Your baseline says "accuracy average is 4.2/5." Tomorrow it's 3.1/5. Score drops 20%+ from baseline — investigate immediately.
Common causes:
- Prompt change: Someone modified the system prompt and broke the instruction.
- Model update: Claude was updated and behaves slightly differently on your specific task.
- Input distribution shift: Your users are now asking different questions. The model works fine, but on different problems.
- Context window overflow: Your input is now too long and getting truncated.
For each, the fix is different. But you only find the problem if you're measuring.
Write a Python function evaluate_output(original_input, ai_output) that:
- Sends both to Claude with a rubric (score accuracy, format, actionability each 1–5).
- Returns a dict with scores and an average.
- Prints PASS if average >= 3.5, FAIL otherwise.
- Tests on 3 outputs from your B4 or B5 tools (the ones you built in Builder level).
You're done when you can run this function on real outputs and get consistent, reproducible scores.

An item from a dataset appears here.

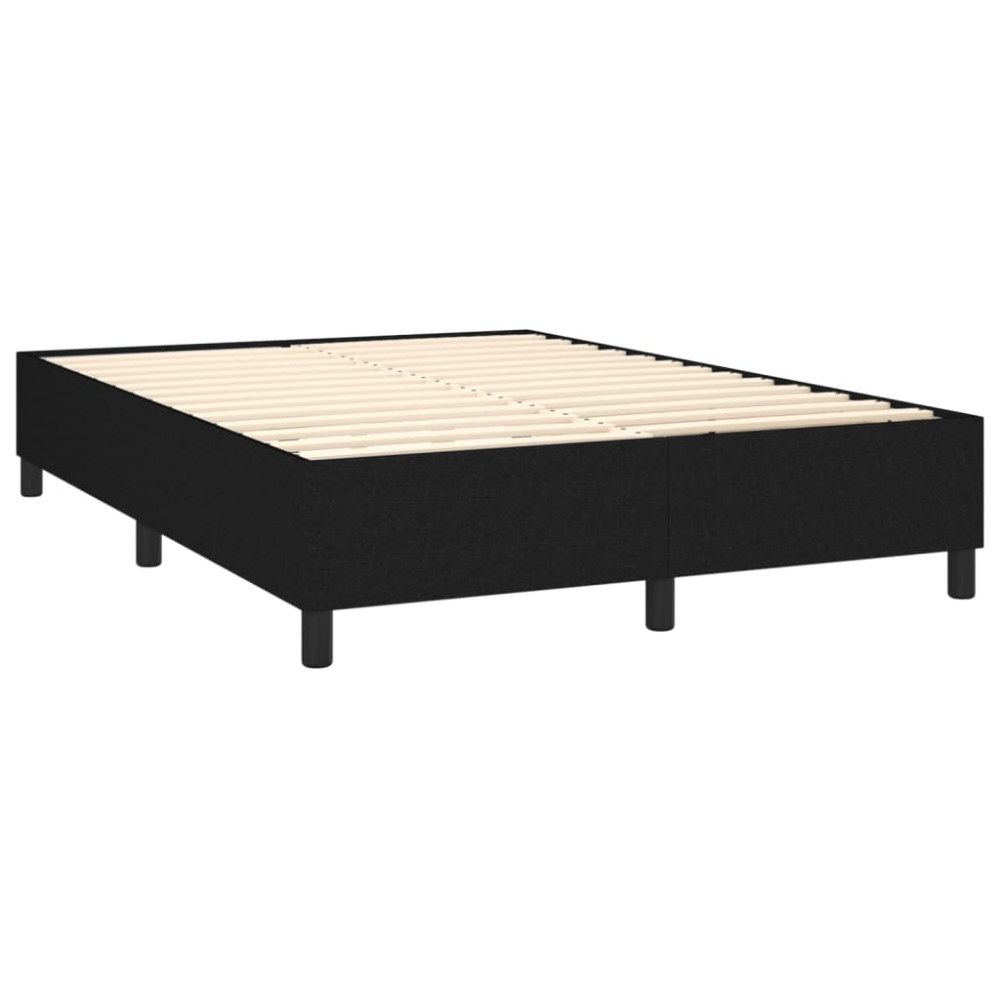Produktbild för Ramsäng med madrass svart 140x190 cm tyg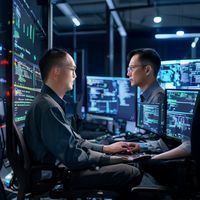 佐山爱技术研发负责人王博先生的照片，坐在技术实验室内，面对多屏幕工作站，专注于代码开发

That is proof that your eval system works.
Before You Move On
- You can name all four AI output failure modes (Hallucination, Format Drift, Context Loss, Tone Shift).
- You have written at least one eval prompt with a rubric and tested it on sample outputs.
- You understand the difference between binary checks (pass/fail) and rubric scoring (1-5 per dimension).
- You know what 'baseline' means and how to use it to detect drift.
What You Proved Today
You moved from trusting output to measuring it. Quality is no longer a feeling — it's a number.
- Analyze: You mapped the four failure modes that break AI systems in production.
- Integrate: You designed a rubric-based evaluation framework for AI output with baseline tracking.
- Manage: You built a logging and drift detection protocol for production quality control.